There is a nursing shortage and a greater one looming as the experienced nurses working today will be the ones to retire tomorrow.
The world needs bedside nurses and the nursing situations many nurses currently find themselves working in too frequently involves unsafe staffing with little or NO ancillary staff to ease the burden. This, along with perpetual increases in responsibilities and expectations in our practice put the bedside nurse in a less than enviable position too many nights in a row. Patient care suffers when there is not enough staff. Patient satisfaction dwindles in relation to increased nursing pressures and decreased nursing satisfaction. Study after study has shown this.
The nurses graduating so easily and frequently in what is supposed to be a solution to the nursing shortage are not staying at the bedside. So, when the nurses you work with today retire and the new nurses move on to the very many opportunities now available, who will be the bedside nurse?
Older nurses have weathered and tolerated the "nurses are easily replaceable and of little value" attitudes of those in power many times over the decades.

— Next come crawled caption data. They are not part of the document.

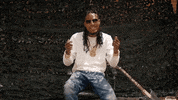 fifth harmony all in my head flex GIF by Fifth Harmony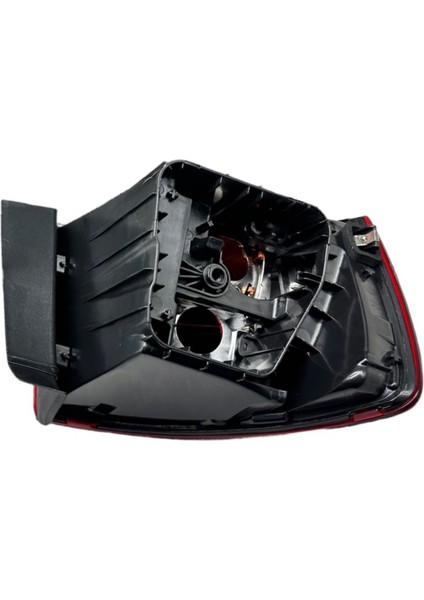 Volkswagen Stop Jetta 7 14-17 Dış Sağ fiyatları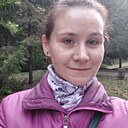 Арина, 42 года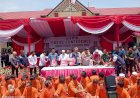 Polres-Pasuruan-Berhasil-Bongkar-Jaringan-Kampung-Narkoba-dan-TPPU-Senilai-Rp-3-Miliar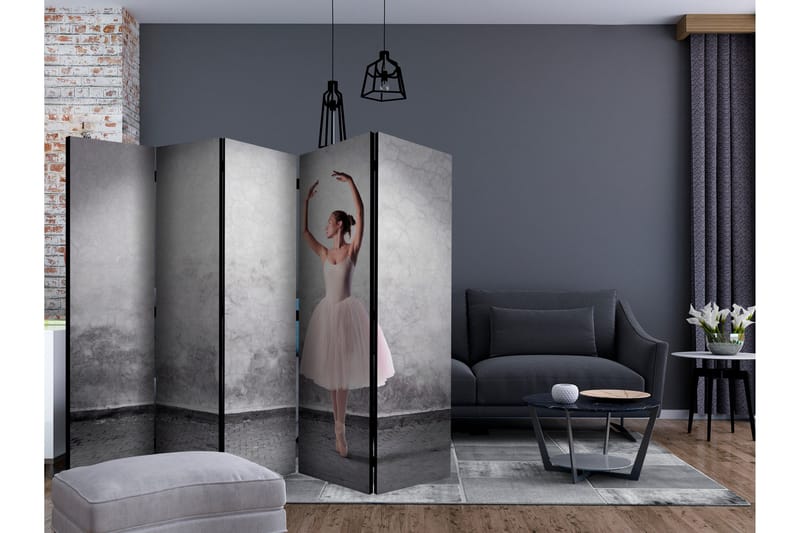 Kadira Romdeler 225x172 - Artgeist sp. z o. o. - Innredning - Romdelere - Bretteskjerm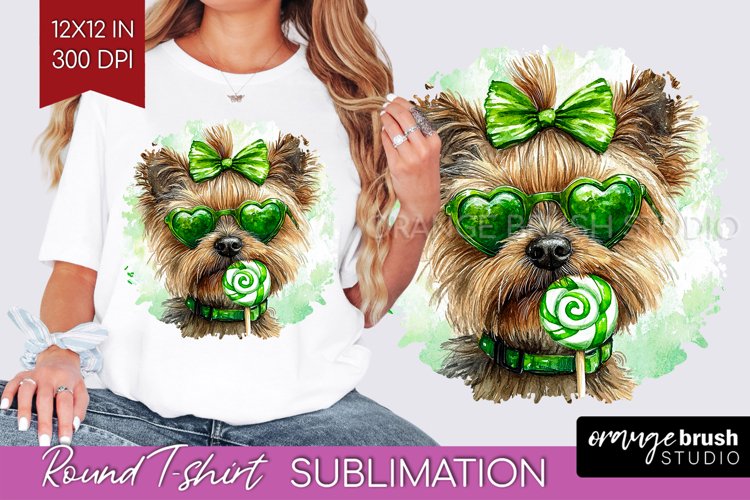 Dog Background Image 14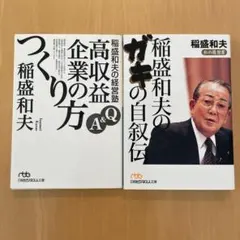 稲盛和夫氏主催　盛和塾機関誌　全158冊 2026年最新】盛和塾の人気アイテム - メルカリ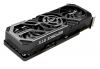  Palit GeForce RTX3090 GamingPro 24Gb GDDR6X (NED3090019SB-132BA)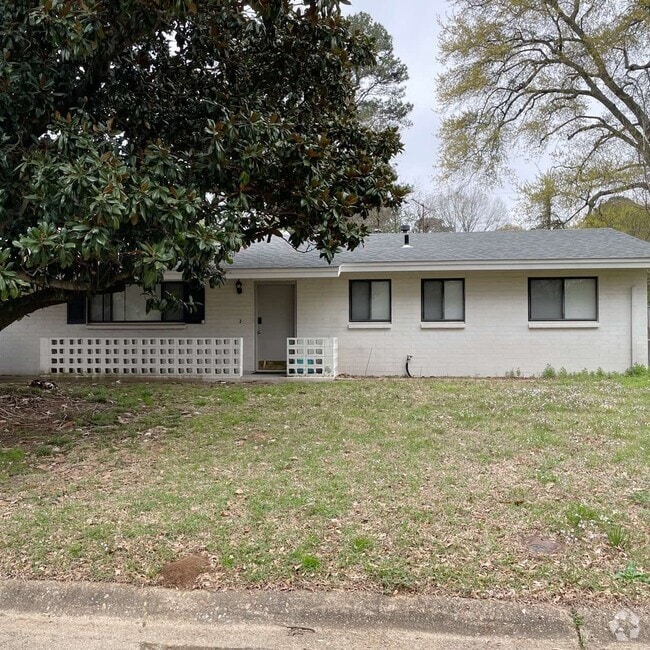 Building Photo - 1712 Breckenridge St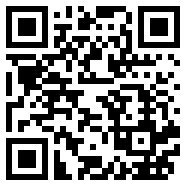 影视盒子v1.0.8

Each time nursing schools mass produce new nurses, managers actually do all they can to devalue their experienced nurses, thinking that all the new nurses will be the replacements. However, time after time, the experienced nurses have stayed and the new ones have left for often easier and greener pastures. Now they don't even have to leave the profession but obtain higher education that only gets easier and easier. When they "Don't Like it" today they very easily leave. WHO will be the bedside nurse?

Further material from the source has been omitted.